§ What the task asks: Exactly the lines below, starting with the one containing "Hängelampen|Rustikale Lampen*Elstead Kronleuchter" and going on through the one containing "2' x 3' 1 Hand Knotted Kazak Rug", must be reproduced, both ends included, and no pictures with them.

§ Source material:
=-=-=-=-=
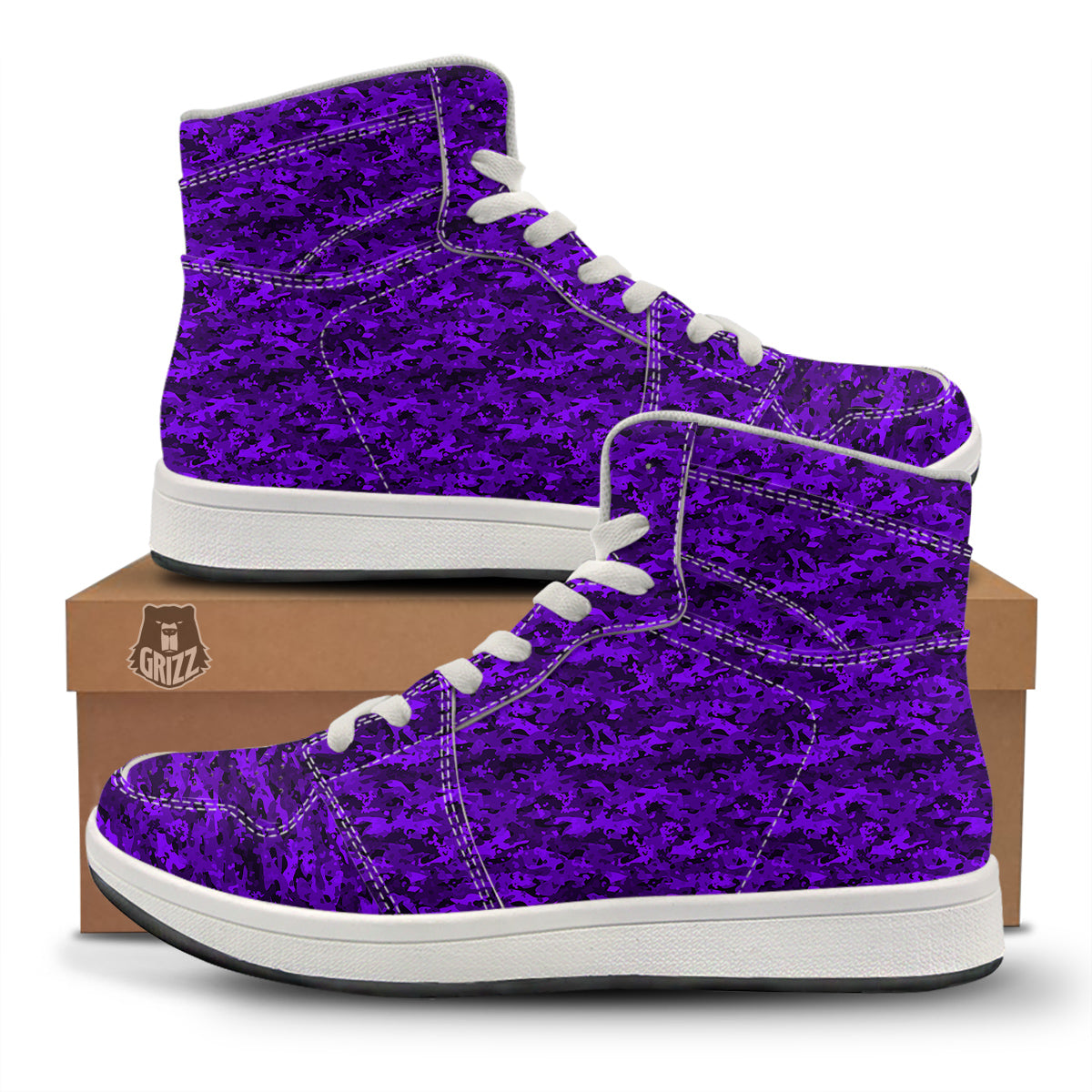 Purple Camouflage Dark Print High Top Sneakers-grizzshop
=-=-=-=-=
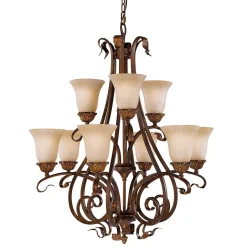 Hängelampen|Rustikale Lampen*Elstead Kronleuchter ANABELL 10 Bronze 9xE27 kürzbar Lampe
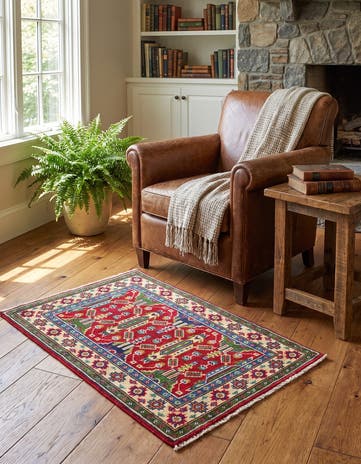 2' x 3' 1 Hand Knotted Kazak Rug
=-=-=-=-=
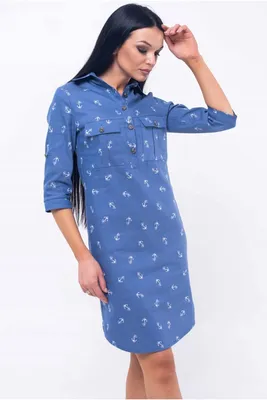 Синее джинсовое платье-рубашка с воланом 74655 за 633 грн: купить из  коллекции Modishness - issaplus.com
=-=-=-=-=
§ Answer space:
 Hängelampen|Rustikale Lampen*Elstead Kronleuchter ANABELL 10 Bronze 9xE27 kürzbar Lampe
 2' x 3' 1 Hand Knotted Kazak Rug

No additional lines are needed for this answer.